The Arboretum Admission free on the third Tuesday of the month (No tram on these days) Parking is free.
Balboa Park in San Diego. Free Tuesdays in the Park. Official site
As a public service Park organizations offer free admission on a rotating basis throughout the month.
- San Diego Model Railroad Museum
- San Diego Natural History Museum
- Reuben H. Fleet Science Center
- Centro Cultural de la Raza
- Museum of Photographic Arts
- Museum of San Diego History
- Veteran’s Museum and Memorial Center
- San Diego Art Institute
- San Diego Museum of Art
- San Diego Museum of Man
- Japanese Friendship Garden
- Mingei International Museum
- San Diego Aerospace Museum
- San Diego Automotive Museum
- San Diego Hall of Champions
- House of Pacific Relations International Cottages
- Normal museum prices in effect.
- The Timken Museum of Art is always free.
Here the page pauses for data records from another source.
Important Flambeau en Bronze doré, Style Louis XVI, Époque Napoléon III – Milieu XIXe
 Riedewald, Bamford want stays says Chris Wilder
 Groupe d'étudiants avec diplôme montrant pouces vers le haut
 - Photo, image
- Veterans Memorial Center is free, donation requested.
Recently relocated from its Malibu home to a mountaintop in Brentwood, the multi-billion dollar endowed Getty is drawing rave reviews for its collection of priceless artwork. It’s also packing ’em in with turn-away crowds. It easily eclipses the other area art museums such as the Norton Simon in Pasadena; the L.A. County Museum of Art on Wilshire; and the Gene Autry Museum in Griffith Park…all of which charge a hefty admission.
Admission is free but you need a parking reservation. Parking is $5. You can also arrive without a reservation via bus or taxi (or any other mode of transport) but you are not guaranteed admission if the crowds are heavy. Call (310) 440-7300 for parking reservations.
The brand-new California Science Center in Exposition Park is another smashing success story. Replacing the aging Museum of Science and Industry, the Science Center is sparkling new with great interactive exhibits to keep kids & their parents busy for hours.
Admission is free but their is a separate charge for the IMAX theater, the Museum of Natural History, and parking. Check out the very historic L.A. Colosseum right next door while you’re here used in the 1928 and 1984 Olympic Games.
The premiere auto museum in L.A. is the Petersen Museum on Wilshire Bl. at Fairfax. A great place and well worth the visit & admission charge but there are two other, little known, auto museums in the area that are also extraordinarily significant in the field and absolutely free.
The Penske (as in Roger) Racing Team Museum is located in the basement of Longo Toyota in El Monte and open Monday through Saturday. Dedicated to the racing legacy of Team Penske, this small museum hold many of the team’s Indy winning cars, pace cars, and other momentos of the team’s history that includes such drivers as Al Unser, Al Unser, Jr., Rick Mears, Emmerson Fittipaldi, Paul Tracy, Rusty Wallace, and more. This is a must-see stop for any racing fans…especially Indy fans! Located off the 10 (San Bernadino) Freeway at Peck Road North.
The Justice Brothers Racing Museum in Duarte is a magnificent showcase of local and national racing lore as seen through the eyes of Ed Justice, owner of the Justice Brothers Automotive Additives Company and the Justice Brothers Racing Team.
Ed has used a considerable portion of his fortune in assembling this collection that will just blow your socks off. Open Monday through Friday, 9:00-5:00. Take the 210 Freeway east to Irwindale Ave. Go north on Irwindale to Huntington Dr. and turn left to Las Lomas. Make a u-turn at Las Lomas and park in the Justice Brothers parking lot.